What are the main differences upon separation between being married and being in a common law relationship?
1. Division of property. Upon a marriage ending, there is an automatic right to equalize family property acquired during the marriage. However, if you are in a common law relationship, you have no such right in Ontario. Instead, you must rely on the nebulous legal concept known as “unjust enrichment” – you must show that your common law partner was unjustly enriched at your expense. This is one of the most complicated areas in Canadian family law. As well, because it is so complicated, and there are no clear rules, it becomes very expensive and time-consuming to enforce your rights, and often people are unable to do so.
2. Possession of the matrimonial home. Upon a marriage ending, there is an automatic right to stay in the matrimonial home, even if it is not in your name. You have no such right in a common law relationship in Ontario – if your name is not on the home, you could simply come home one day and find yourself locked out.

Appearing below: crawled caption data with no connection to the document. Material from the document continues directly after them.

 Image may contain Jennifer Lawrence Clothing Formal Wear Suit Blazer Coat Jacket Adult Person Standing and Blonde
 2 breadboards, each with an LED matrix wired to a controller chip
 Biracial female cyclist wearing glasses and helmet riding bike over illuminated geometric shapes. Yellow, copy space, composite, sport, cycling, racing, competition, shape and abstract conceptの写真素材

3. Special treatment of the matrimonial home. If you are married, your matrimonial home is treated differently when dividing property in Ontario. Normally, when your marriage ends, the value of any property you owned when you married is yours — it is not divided. This is not the case with the matrimonial home. If you own a home on your wedding day, your home is automatically divided between you and your spouse. This is not the case in a common law separation.

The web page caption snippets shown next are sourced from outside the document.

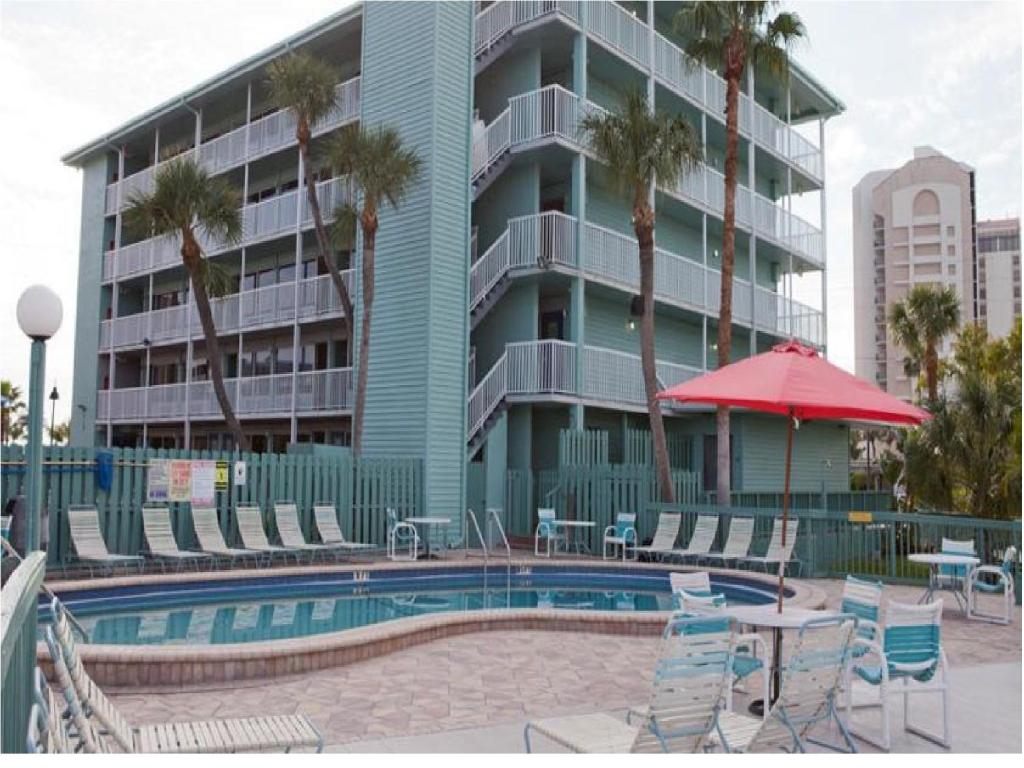 克利尔沃特Clearwater Beach Hotel的一座带椅子和遮阳伞的游泳池以及一座建筑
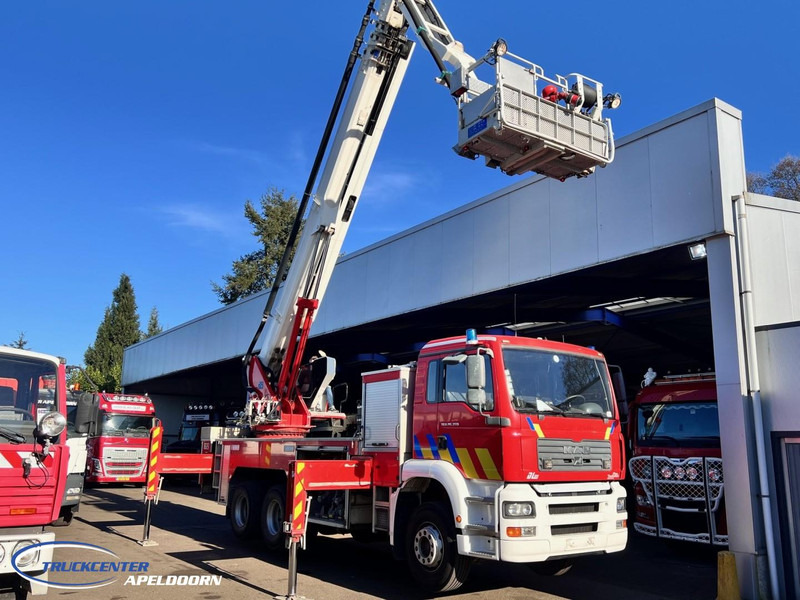 MAN TGA 26.350 Magirus ALP 320L = 32 meter, Waterpump, 6x4, Steel springs - Sunkvežimis: foto 2 MAN TGA 26.350 Magirus ALP 320L = 32 meter, Waterpump, 6x4, Steel springs - Sunkvežimis: foto 2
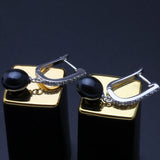 Cultured Freshwater Pearl earrings In sterling silver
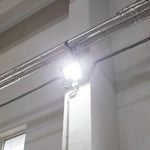 LED Flood Light 100W mounted indoors with bright wide-angle beam illuminating ceiling and wall area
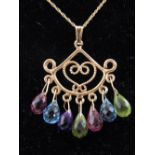 A 9ct yellow gold multi gem drop pendant, suspended on a 9ct yellow gold chain.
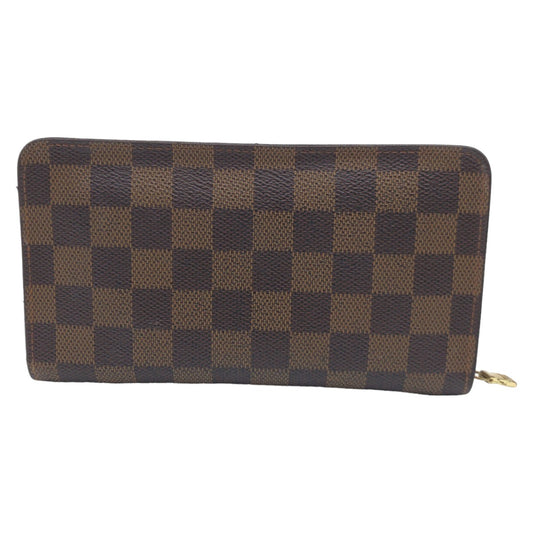 10789
LOUIS VUITTON ルイヴィトン ダミエ エベヌ ポルトモネジップ ブラウン ゴールド金具 PVC N60015 長財布 ロングウォレット ジッピー  レディース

4. Spousal support. If you are married, you have an automatic right (or obligation) to receive (or pay) spousal support upon separation. If you are living in a common law relationship in Ontario, you do not obtain this right until you have lived together for three years, or are living in a relationship of some permanence and you are the natural or adoptive parents of a child.

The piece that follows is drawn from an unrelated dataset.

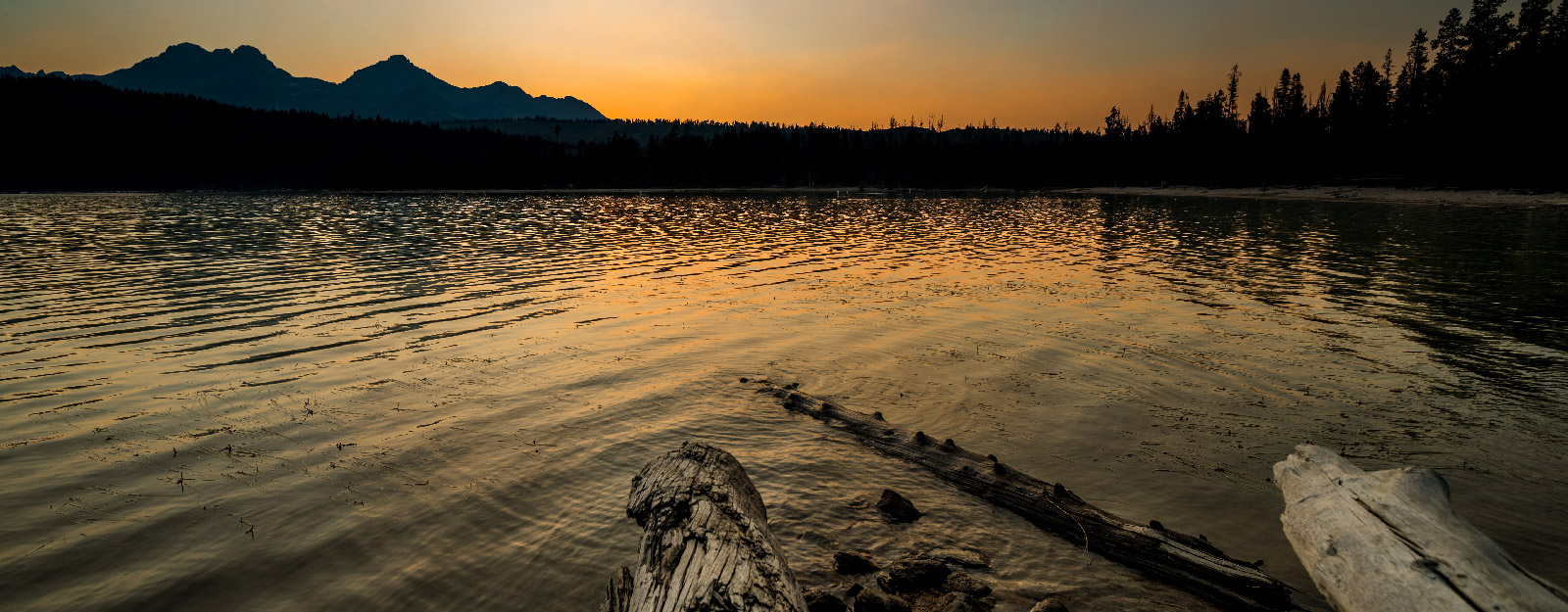 Sunset on water with mountains in the background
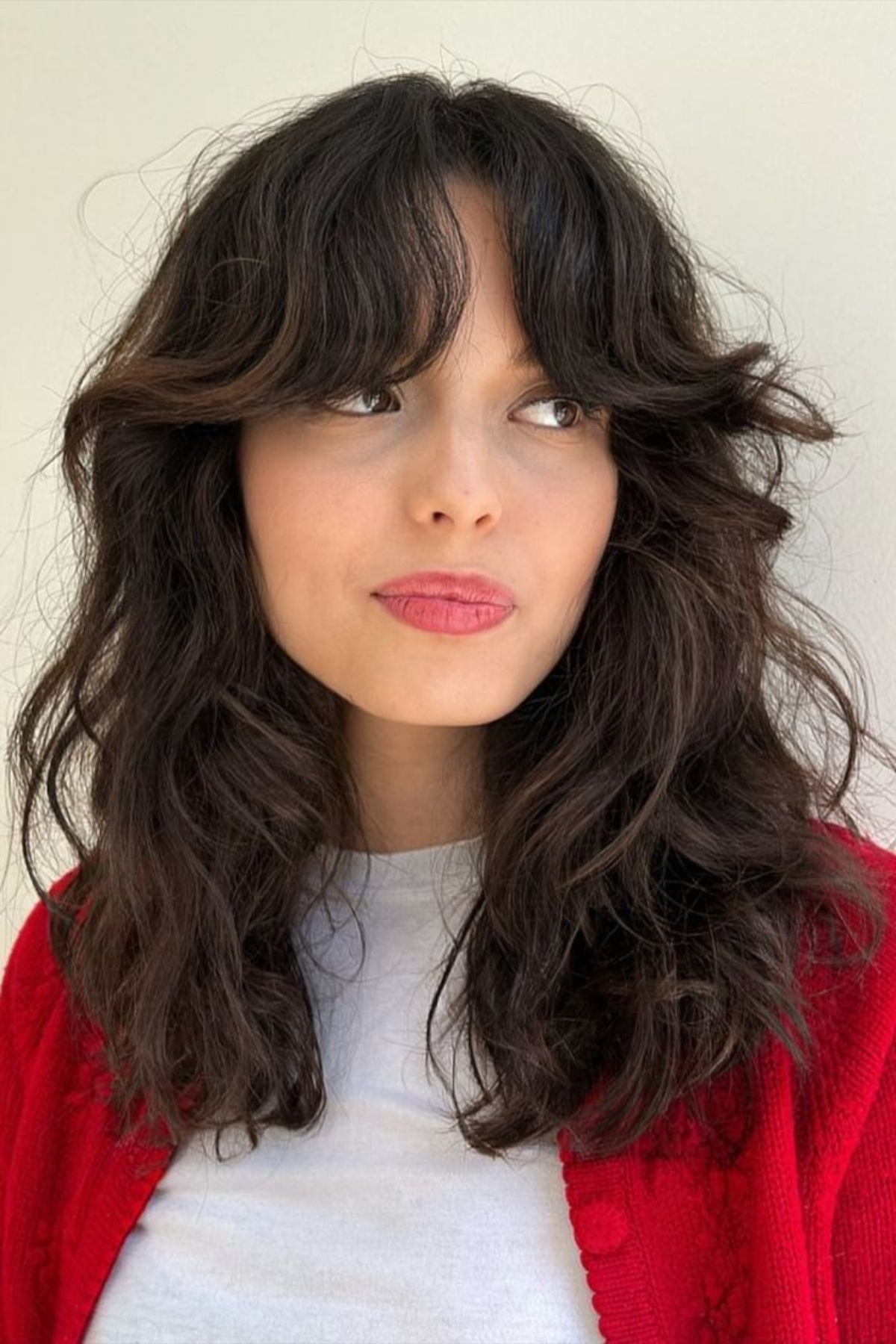 Girl wearing Curtain Bangs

5. Time limit to apply for spousal support. If you were married, you always have the right to apply for spousal support, no matter how long has passed since you separated. If you weren’t married, you need to ensure that you apply for spousal support within 2 years of separation.
6. Orders restraining depletion of property. If you are married, and you believe that your partner will make his or her money disappear so that you can’t divide the assets, you can get a court order stopping them from doing that. However, you have no such right in a common law relationship.
7. Succession rights on intestacy. If you are married, and your partner passes away without a will, you automatically receive a share of your partner’s estate. If you were in a common law relationship in Canada, you have no right to get anything. Instead, you must bring a claim for unjust enrichment against your partner’s estate.
8. Equalization payment on death. If you are married, and your spouse does not give you a fair share of his or her assets in their will, then you have a remedy against this, namely asking for an equalization payment from your partner’s estate. If you weren’t married, you have no such right, and must rely on the nebulous legal concept known as “unjust enrichment.”